'''
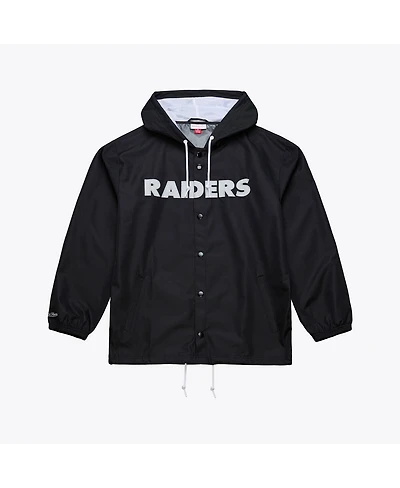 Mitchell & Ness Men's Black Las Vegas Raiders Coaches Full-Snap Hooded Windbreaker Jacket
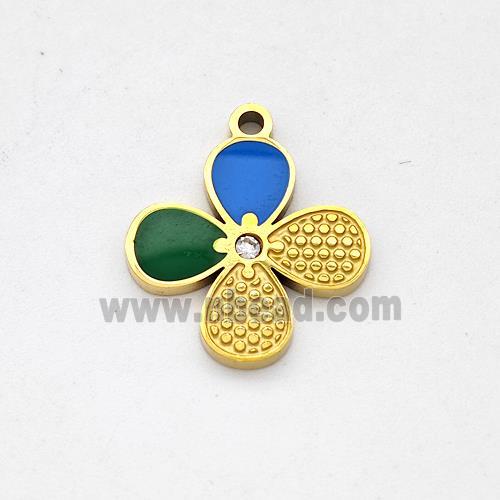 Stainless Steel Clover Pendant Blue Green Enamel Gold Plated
'''
'''
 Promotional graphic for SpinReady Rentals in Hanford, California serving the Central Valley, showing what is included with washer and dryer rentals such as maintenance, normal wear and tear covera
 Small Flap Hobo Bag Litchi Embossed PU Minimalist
'''
Above are some records; extract exactly the lines from the one containing "Mitchell & Ness" through the one containing "Stainless Steel Clover" and drop the pictures.

■ Expected answer
 Mitchell & Ness Men's Black Las Vegas Raiders Coaches Full-Snap Hooded Windbreaker Jacket
 Stainless Steel Clover Pendant Blue Green Enamel Gold Plated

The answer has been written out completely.